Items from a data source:
* * * *

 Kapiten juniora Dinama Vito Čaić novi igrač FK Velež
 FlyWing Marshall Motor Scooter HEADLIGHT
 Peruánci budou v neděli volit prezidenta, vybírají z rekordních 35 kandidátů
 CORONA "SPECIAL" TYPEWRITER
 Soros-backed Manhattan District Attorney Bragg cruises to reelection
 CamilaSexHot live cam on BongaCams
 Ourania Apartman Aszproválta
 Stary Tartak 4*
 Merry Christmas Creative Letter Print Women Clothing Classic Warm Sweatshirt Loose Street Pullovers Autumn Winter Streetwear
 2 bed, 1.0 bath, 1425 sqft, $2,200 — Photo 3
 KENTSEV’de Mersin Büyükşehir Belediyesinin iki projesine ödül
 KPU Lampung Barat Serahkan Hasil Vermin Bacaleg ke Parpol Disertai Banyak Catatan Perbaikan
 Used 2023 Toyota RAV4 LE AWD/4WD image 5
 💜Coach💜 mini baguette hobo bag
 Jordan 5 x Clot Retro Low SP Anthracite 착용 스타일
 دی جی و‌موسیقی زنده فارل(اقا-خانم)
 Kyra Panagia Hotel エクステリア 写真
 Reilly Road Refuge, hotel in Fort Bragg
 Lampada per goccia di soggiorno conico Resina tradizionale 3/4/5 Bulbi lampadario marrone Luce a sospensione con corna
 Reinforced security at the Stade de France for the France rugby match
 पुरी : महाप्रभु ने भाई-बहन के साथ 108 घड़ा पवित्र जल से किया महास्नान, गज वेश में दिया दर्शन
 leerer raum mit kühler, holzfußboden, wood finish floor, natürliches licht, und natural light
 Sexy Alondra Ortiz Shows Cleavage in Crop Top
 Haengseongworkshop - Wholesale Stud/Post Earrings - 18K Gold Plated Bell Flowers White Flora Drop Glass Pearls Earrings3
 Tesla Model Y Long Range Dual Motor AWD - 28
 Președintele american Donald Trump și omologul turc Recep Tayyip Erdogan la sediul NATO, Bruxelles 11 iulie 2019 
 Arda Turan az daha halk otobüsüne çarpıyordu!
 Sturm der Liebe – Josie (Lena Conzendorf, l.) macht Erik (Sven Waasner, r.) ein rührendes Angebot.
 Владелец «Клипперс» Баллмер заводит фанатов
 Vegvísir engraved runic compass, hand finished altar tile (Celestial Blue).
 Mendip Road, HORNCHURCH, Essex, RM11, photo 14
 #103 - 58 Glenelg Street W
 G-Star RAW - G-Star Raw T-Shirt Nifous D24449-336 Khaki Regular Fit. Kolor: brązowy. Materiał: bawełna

* * * *

### EXERCISE AIM
Please return the lines above exactly, from the first one down to the line with "CamilaSexHot live cam on BongaCams", and stop after that line.

### RESULT BELOW
 Kapiten juniora Dinama Vito Čaić novi igrač FK Velež
 FlyWing Marshall Motor Scooter HEADLIGHT
 Peruánci budou v neděli volit prezidenta, vybírají z rekordních 35 kandidátů
 CORONA "SPECIAL" TYPEWRITER
 Soros-backed Manhattan District Attorney Bragg cruises to reelection
 CamilaSexHot live cam on BongaCams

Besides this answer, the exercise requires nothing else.